Results of HESA’s additional quality checks

This section outlines some of the additional quality checks that HESA carries out as part of the process and the outcomes from these checks. 

Following the completion of Oblong’s in-depth consistency checking exercise across the entire dataset, a further set of assessments were carried out on the updated SOC data. These attempted to identify non-random anomalies in the dataset.

Job title and major group discrepancies

Job titles with records coded into multiple major groups were pulled out, and those with levels that could be above the threshold level of error were checked to ensure the assigned major groups were as expected. In instances where the major groups that were utilised for coding appeared to be unexpected, the dataset was checked to identify if issues were present. 

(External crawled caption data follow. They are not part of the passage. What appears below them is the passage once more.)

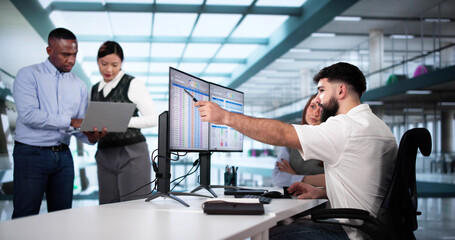 Poster - People Working With Spreadsheet Data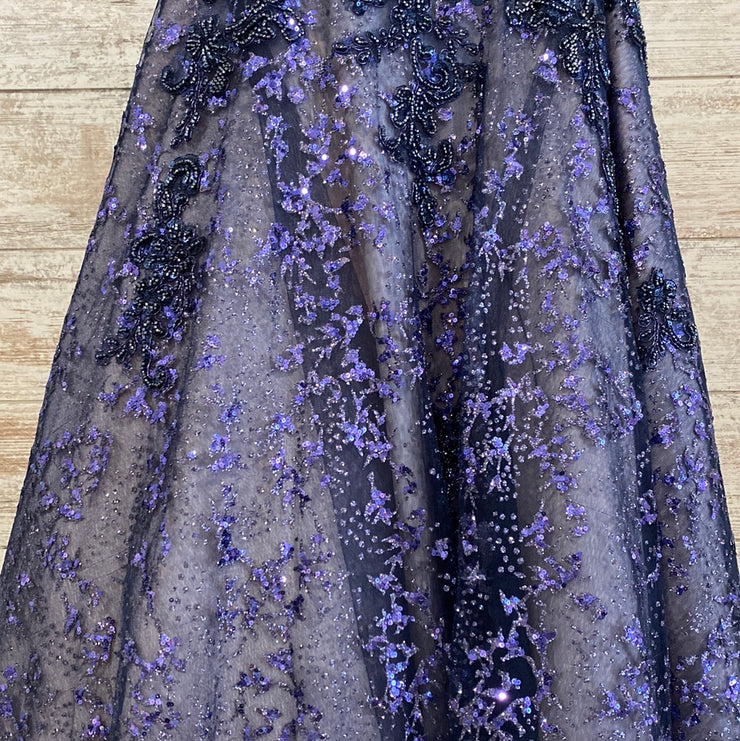 NAVY SPARKLY A LINE GOWN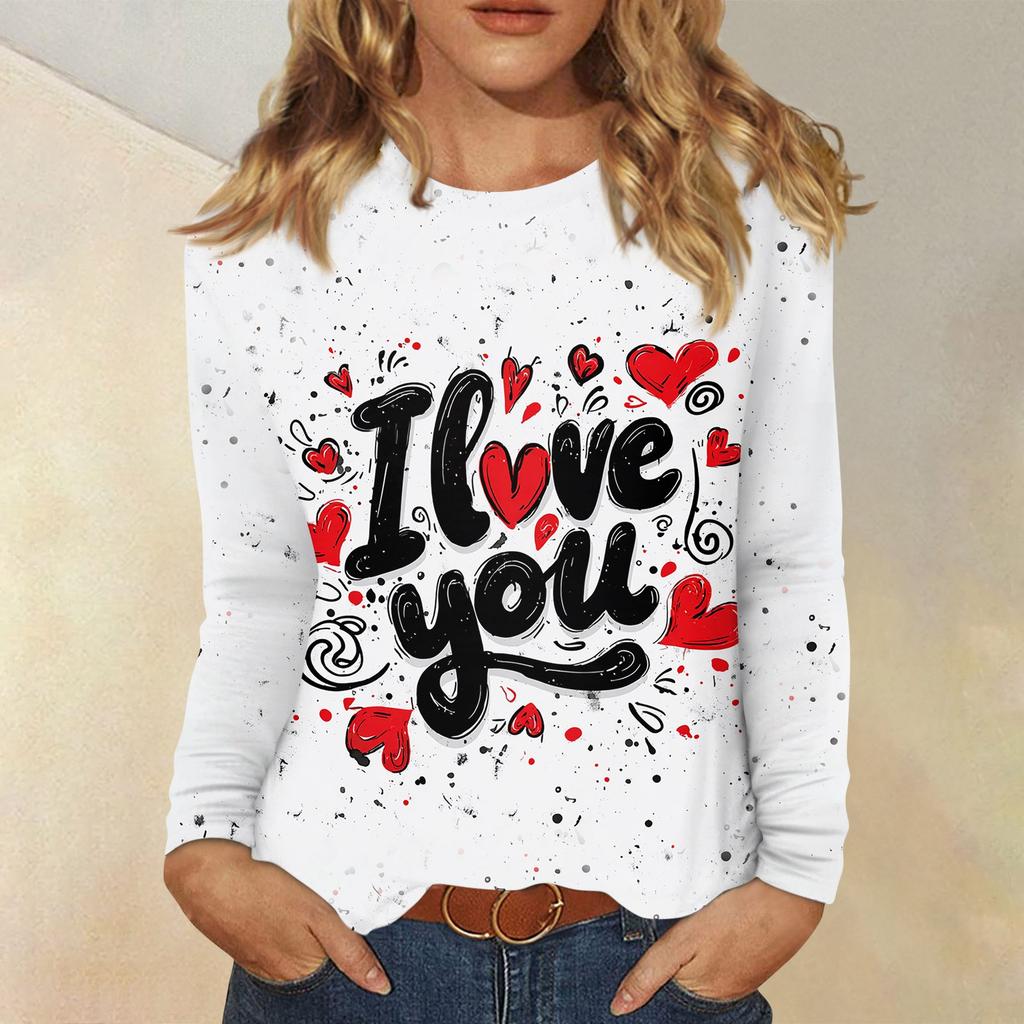Damernas Alla hjärtans dag Moderiktig hjärtmönstrad rundhalsad långärmad pullovertopp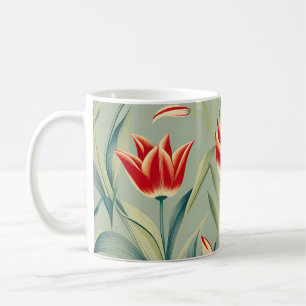 Mug Sage Green Floral Rouges Tulipes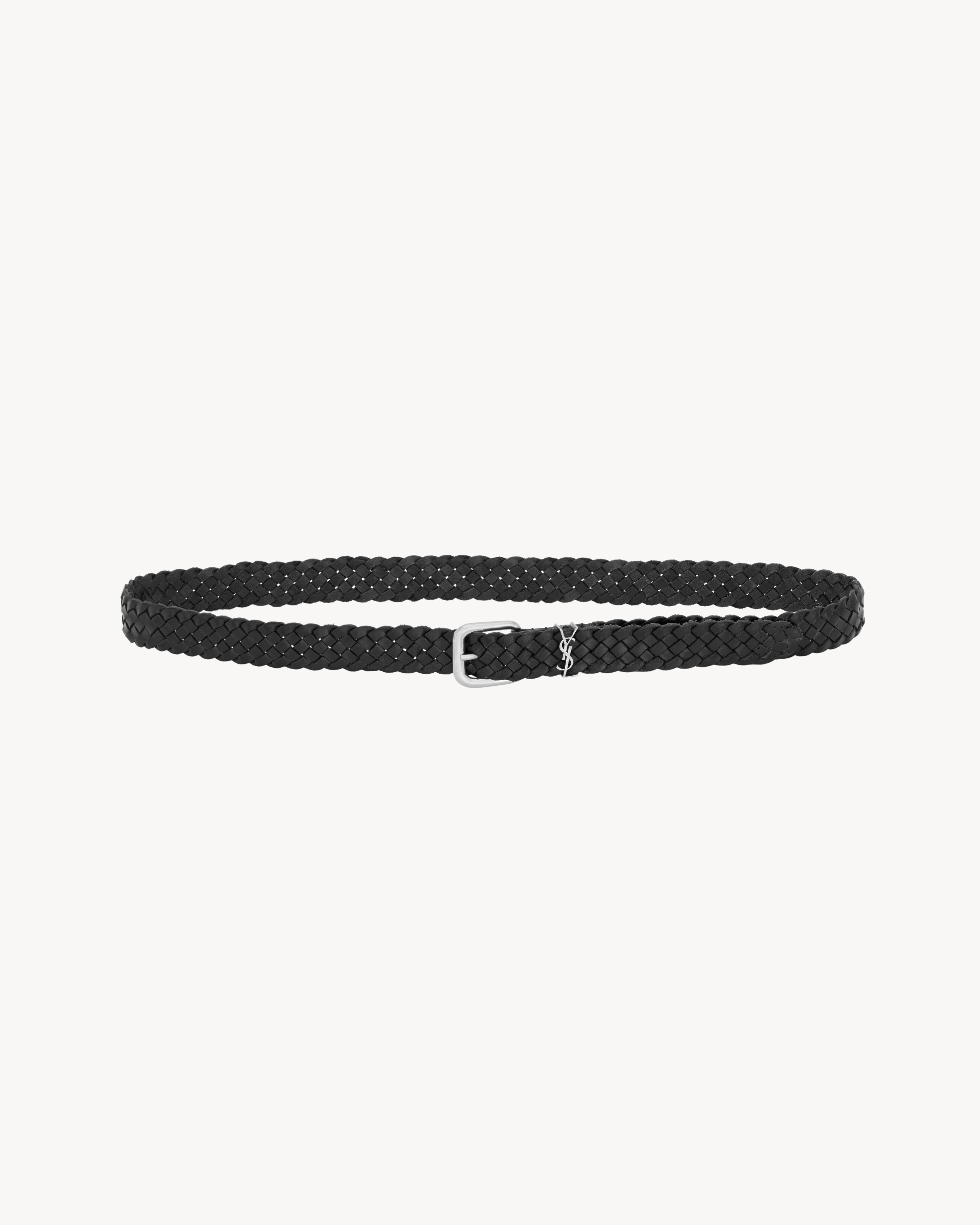CASSANDRE rectangular buckle belt in woven leather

No occupation areas were found to have issues as a result of this investigation this year. 

0001 (uncodable) records

An assessment of all 0001 (uncodable) records was carried out by HESA to determine if there were any additional records that could have been assigned a code. The vast majority of uncodable records could not be assigned a code due to a lack of sufficient information available to allow accurate coding. 

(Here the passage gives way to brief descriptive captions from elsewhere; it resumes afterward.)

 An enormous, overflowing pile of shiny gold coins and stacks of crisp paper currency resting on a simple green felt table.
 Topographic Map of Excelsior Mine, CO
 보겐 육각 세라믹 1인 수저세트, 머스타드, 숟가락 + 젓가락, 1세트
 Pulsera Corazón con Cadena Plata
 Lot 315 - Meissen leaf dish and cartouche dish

However, 56 records were returned to Oblong to be checked again and five were successfully assigned a code. As these are checked against similar records in the wider dataset, there were also some records identified that had previously been coded but did not have sufficient information. Therefore, these were reassigned to 0001.   

Same activity consistency checking

In cases where graduates selected two instances of employment, but marked that these were the same activity, a code will be assigned separately to both instances of employment. Although a difference in employment type can alter a code, instances where the assigned codes did not match were checked for inconsistencies, along with instances with one coded record and one 0001 (uncodable) record. 

These were returned to Oblong for checking and led to 25 coding changes. 

SOC major group by subject

The distribution of SOC major groups was assessed by subject, using the Common Aggregation Hierarchy level 1 (CAH level 1). This was used to assess large subject-occupation groupings with a view to identify unexpected trends. For example, these checks would flag an error if a large number of medicine and dentistry graduates were coded as major group 7 under sales and customer service occupations.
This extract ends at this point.